📐

Measurement & Imaging Week 5

Part 1: Imaging using FoldScope

I didn't have an access to FoldScope, but I had an access to the microscope.

I also have an access to the sample of :

Freshwater green algae

Volvox colonies were first recorded by Dutch microscopist Antonie van Leeuwenhoek in 1700 and are widely studied as a genetic model of morphogenesis (how organisms develop specialized cells and tissues). Volvox also exhibit differentiation between somatic (non-sex cells) and reproductive cells, a phenomenon considered by some biologists to be significant in tracing the evolution of higher animals from microorganisms.

Part 2: Design of smFISH / Spatial Sequencing Assay (Computational)

As detailed in the lecture, most in situ RNA measurement technologies are focused on targeted strategies, which use probes to detect one or more RNA targets. For this part of the homework, you will design a FISH or spatial transcriptomics analysis assay. Design of FISH and RNA capture probes is similar to designing PCR probes.

  1. Choose a problem. As described in the lecture, a “perfect” measurement experiment can mean a lot of things, but in this case, a perfect assay is one that’s well suited to your biological question. So first, you’ll need to think of an RNA imaging application. Describe why imaging measurement is useful for this problem.
  1. Pick your target genes. What genes would be relevant to this problem? You can choose any number of genes. Here are some typical examples:
    1. Diagnostic Assay – Pick one or more genes that are relevant to a disease.
    1. Synthetic Biology – Pick one or more genes that are involved in a synthetic biology circuit or engineering problem. These could be synthetic genes or endogenous genes, depending on the application. Are you engineering an RNA computer? A synthetic organ-on-chip or organoid?
  1. What is the assay? Would you use multi-color fluorescence? Multiple cycles? Barcoding? Describe why this readout approach is a good fit.
  1. Pick one gene and design the homology domains (target sequence domains) for 5 probes.
    1. Download the RNA sequence of your gene from the relevant database (e.g., FASTA from Refseq).

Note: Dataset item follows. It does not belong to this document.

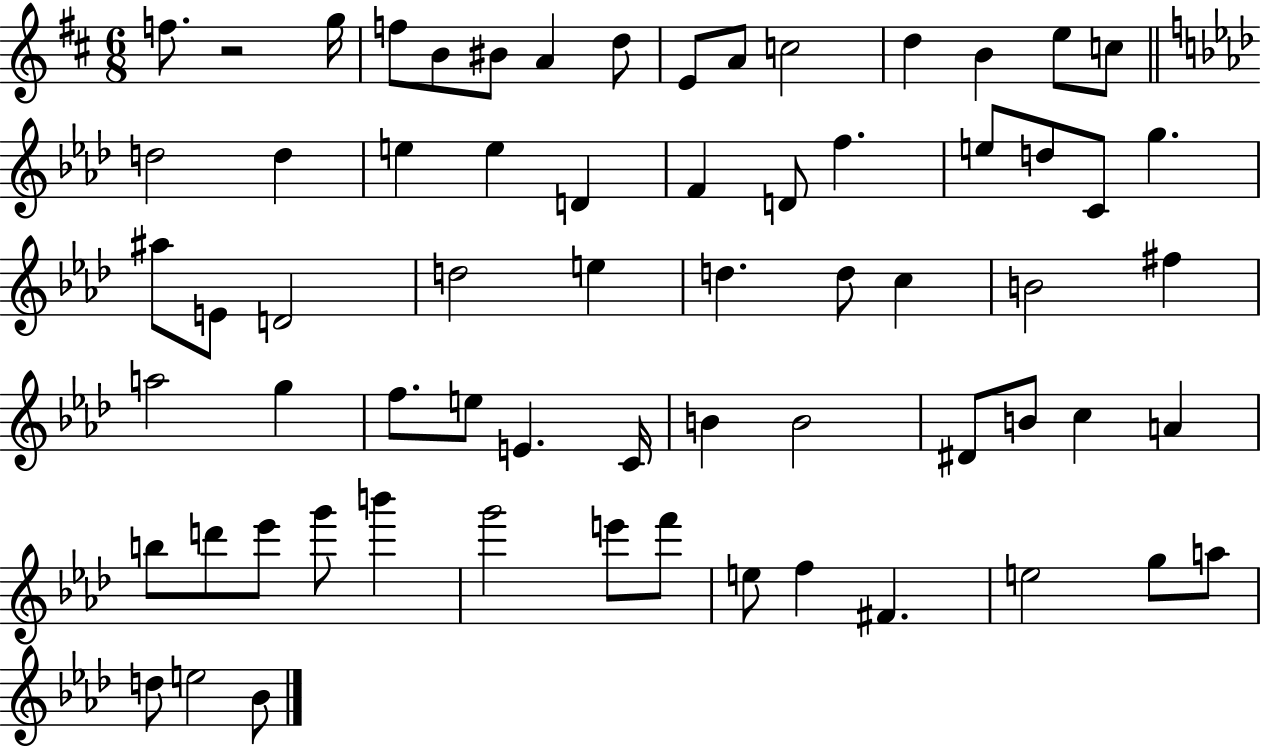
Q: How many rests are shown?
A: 1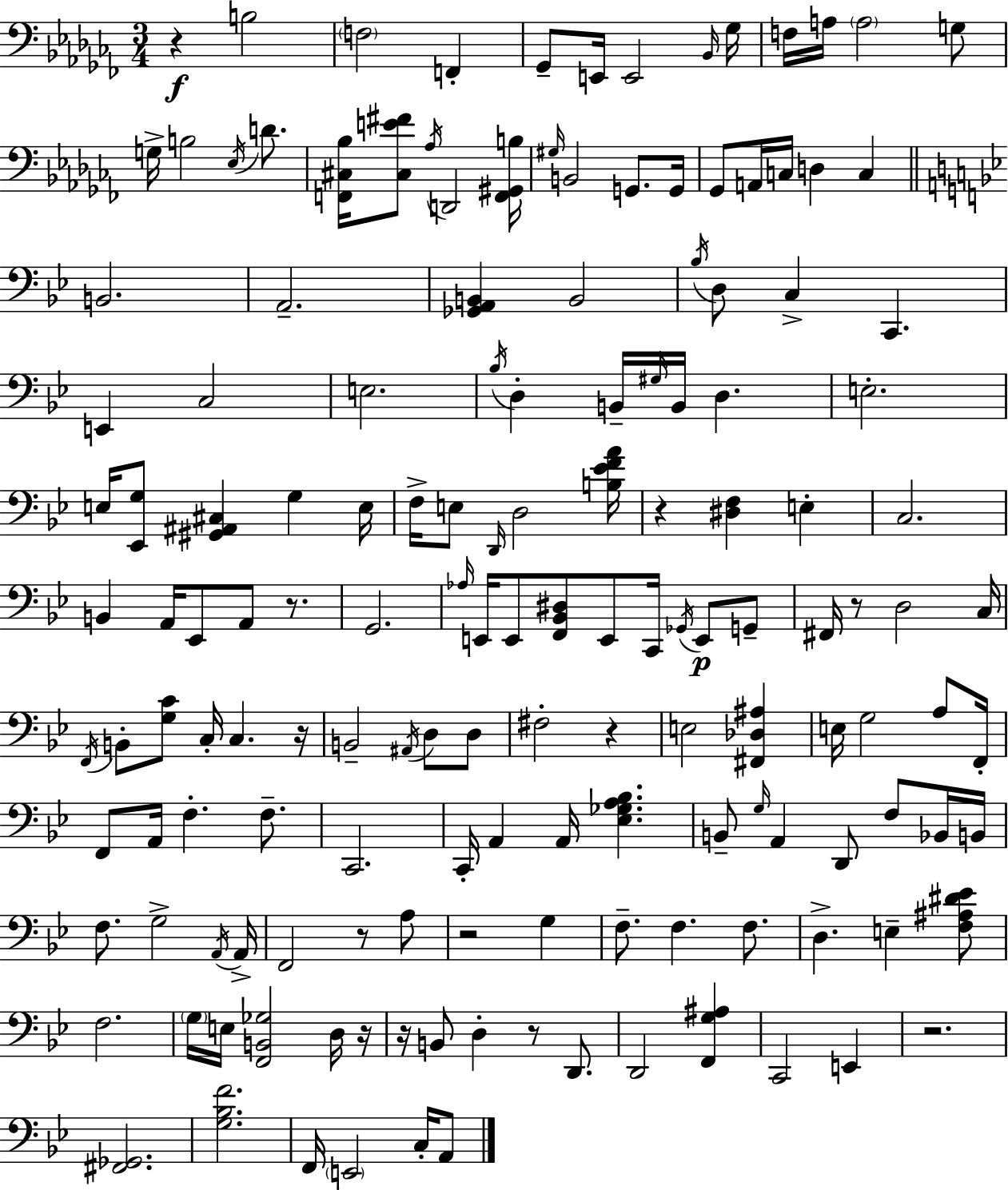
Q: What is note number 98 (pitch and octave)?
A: B2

Make sure you are using the mRNA sequence (no introns). Depending on how well annotated your organism and target gene is, you may have to manually process the sequence a little.
    1. Open the Colab Notebook, make a personal copy (File > Save a Copy) and follow the instructions.
    1. Pick 5 random sequences, each 25 bases long. Use the “Manual Probe Analyzer” section to find the melting temperature and secondary structure of each of your 5 randomly chosen probe sequences. Present the results & discuss – are these probes good? Are they likely to work well together (e.g., bind under the same conditions)?
    1. Enter the full target gene sequence in the “PROBE-O-MATIC” designer, as well as a target length, thresholds for min/max temperature, and thresholds for min/max secondary structure. Then run the script.
    1. Play with the settings and run the script several times. Discuss how the probe design problem is constrained, since length, melting temp, and secondary structure can be related. Did you get enough probes? Note, the script output contains all k-mers within the parameters, with the first base number on the target. However, you’ll want non-overlapping probes in your real design, so pay attention to which probes would be overlapping on the target.
    1. BLAST one of your probes to see how specific it will be to your target. Does it have hits against other genes? If so, what is the melting temperature against the highest off-target hit (NUPACK is good for this using a 2-strand melting model)? Is this a good probe?